(Information provided Opens)
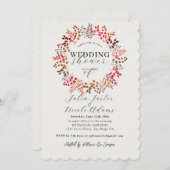 植物性ユーカリプタスリーフリースウェディングシャワー 招待状 (正面/裏面)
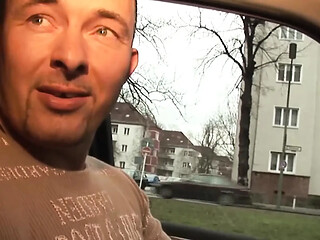 A hot German babe with stacked boobs and a tattoo loves giving head in the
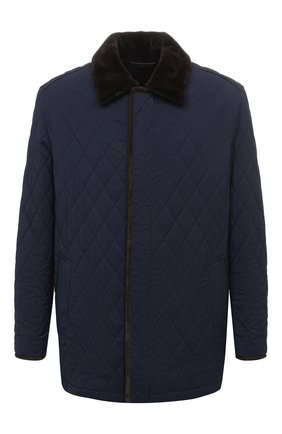 Мужская куртка с меховой подкладкой BRIONI темно-синего цвета по цене 1260000 руб., арт. SFP70L/09A20 | Фото 1 Мужская куртка с меховой подкладкой BRIONI темно-синего цвета, арт. SFP70L/09A20 | Фото 1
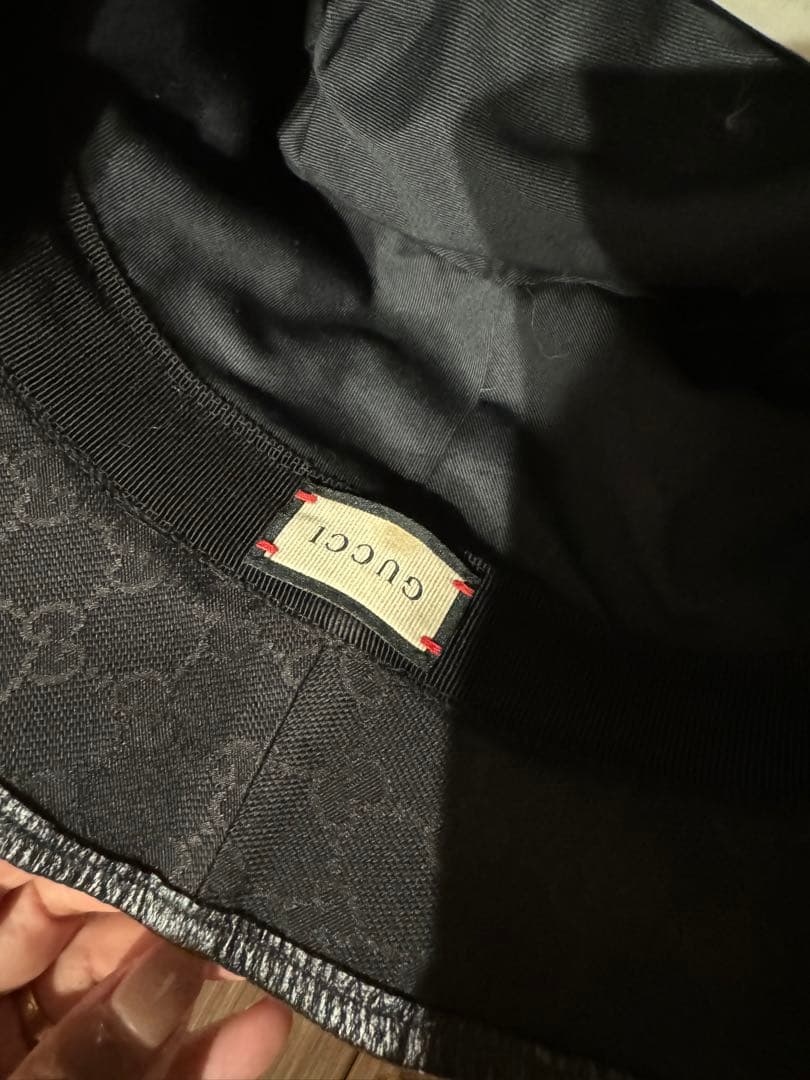 yumi 美品 グッチ フェドラハット GGスプリーム マーモント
(Information provided Closes)
### Action item
In your copy, the listing above should appear word for word, with no images.

### Final answer
 植物性ユーカリプタスリーフリースウェディングシャワー 招待状 (正面/裏面)
 A hot German babe with stacked boobs and a tattoo loves giving head in the
 Мужская куртка с меховой подкладкой BRIONI темно-синего цвета по цене 1260000 руб., арт. SFP70L/09A20 | Фото 1 Мужская куртка с меховой подкладкой BRIONI темно-синего цвета, арт. SFP70L/09A20 | Фото 1
 yumi 美品 グッチ フェドラハット GGスプリーム マーモント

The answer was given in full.